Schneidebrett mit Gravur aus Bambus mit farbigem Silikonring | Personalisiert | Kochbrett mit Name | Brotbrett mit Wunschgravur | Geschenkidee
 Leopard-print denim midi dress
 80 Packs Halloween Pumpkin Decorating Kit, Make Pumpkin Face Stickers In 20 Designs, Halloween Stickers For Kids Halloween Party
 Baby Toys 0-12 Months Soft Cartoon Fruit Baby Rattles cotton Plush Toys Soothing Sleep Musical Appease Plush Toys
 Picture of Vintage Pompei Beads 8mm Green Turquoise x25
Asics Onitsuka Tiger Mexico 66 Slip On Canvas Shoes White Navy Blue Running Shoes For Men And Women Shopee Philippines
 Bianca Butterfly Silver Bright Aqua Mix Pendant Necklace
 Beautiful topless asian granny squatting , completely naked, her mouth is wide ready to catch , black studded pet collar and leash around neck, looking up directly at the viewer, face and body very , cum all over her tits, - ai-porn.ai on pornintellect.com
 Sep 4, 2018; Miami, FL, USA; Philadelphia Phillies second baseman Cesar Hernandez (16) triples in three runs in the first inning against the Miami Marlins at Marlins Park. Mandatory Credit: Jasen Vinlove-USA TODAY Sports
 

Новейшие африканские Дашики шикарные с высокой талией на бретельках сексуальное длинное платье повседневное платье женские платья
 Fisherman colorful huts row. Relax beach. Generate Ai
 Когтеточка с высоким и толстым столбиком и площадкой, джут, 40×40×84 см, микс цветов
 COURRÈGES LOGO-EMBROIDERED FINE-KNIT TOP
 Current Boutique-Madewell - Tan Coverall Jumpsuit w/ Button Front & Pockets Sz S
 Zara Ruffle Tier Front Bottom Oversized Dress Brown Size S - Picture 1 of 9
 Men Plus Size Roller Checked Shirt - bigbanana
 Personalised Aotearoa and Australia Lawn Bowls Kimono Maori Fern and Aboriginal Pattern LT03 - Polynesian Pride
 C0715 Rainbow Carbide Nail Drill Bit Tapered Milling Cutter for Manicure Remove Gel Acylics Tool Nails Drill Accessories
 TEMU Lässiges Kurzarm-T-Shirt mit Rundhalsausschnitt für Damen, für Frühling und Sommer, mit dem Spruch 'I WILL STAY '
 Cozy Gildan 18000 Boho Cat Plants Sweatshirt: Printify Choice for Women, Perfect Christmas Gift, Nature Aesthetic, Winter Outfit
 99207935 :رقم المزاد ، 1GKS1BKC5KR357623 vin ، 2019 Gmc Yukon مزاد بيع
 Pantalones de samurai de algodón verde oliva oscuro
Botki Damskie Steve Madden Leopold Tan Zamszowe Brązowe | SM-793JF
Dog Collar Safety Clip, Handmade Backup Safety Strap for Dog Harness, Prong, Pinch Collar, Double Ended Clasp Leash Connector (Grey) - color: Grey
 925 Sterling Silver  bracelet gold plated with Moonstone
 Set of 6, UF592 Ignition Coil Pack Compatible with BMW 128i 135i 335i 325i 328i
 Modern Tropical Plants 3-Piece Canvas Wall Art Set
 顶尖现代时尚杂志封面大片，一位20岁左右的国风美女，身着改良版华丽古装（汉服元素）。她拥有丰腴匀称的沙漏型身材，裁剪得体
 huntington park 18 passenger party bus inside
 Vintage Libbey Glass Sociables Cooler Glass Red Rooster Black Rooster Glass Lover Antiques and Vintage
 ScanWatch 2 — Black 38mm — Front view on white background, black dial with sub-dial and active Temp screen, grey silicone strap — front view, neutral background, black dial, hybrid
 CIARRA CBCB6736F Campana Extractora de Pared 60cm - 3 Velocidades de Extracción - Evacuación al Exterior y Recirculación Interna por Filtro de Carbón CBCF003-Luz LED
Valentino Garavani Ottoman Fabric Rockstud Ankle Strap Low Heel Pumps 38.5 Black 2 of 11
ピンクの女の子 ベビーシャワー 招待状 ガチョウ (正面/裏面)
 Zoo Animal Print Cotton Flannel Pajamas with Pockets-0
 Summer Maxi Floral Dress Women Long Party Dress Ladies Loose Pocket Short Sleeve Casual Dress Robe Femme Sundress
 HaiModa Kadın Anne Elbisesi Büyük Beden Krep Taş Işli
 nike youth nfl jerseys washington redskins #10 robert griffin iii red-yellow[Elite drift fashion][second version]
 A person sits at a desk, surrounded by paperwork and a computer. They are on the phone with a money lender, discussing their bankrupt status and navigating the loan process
+ + + + +
DIRECTIONS: Retype, exactly and only, the lines running from the one with "Valentino Garavani Ottoman" through the final line of the listing above.

YOUR SOLUTION:
Valentino Garavani Ottoman Fabric Rockstud Ankle Strap Low Heel Pumps 38.5 Black 2 of 11
ピンクの女の子 ベビーシャワー 招待状 ガチョウ (正面/裏面)
 Zoo Animal Print Cotton Flannel Pajamas with Pockets-0
 Summer Maxi Floral Dress Women Long Party Dress Ladies Loose Pocket Short Sleeve Casual Dress Robe Femme Sundress
 HaiModa Kadın Anne Elbisesi Büyük Beden Krep Taş Işli
 nike youth nfl jerseys washington redskins #10 robert griffin iii red-yellow[Elite drift fashion][second version]
 A person sits at a desk, surrounded by paperwork and a computer. They are on the phone with a money lender, discussing their bankrupt status and navigating the loan process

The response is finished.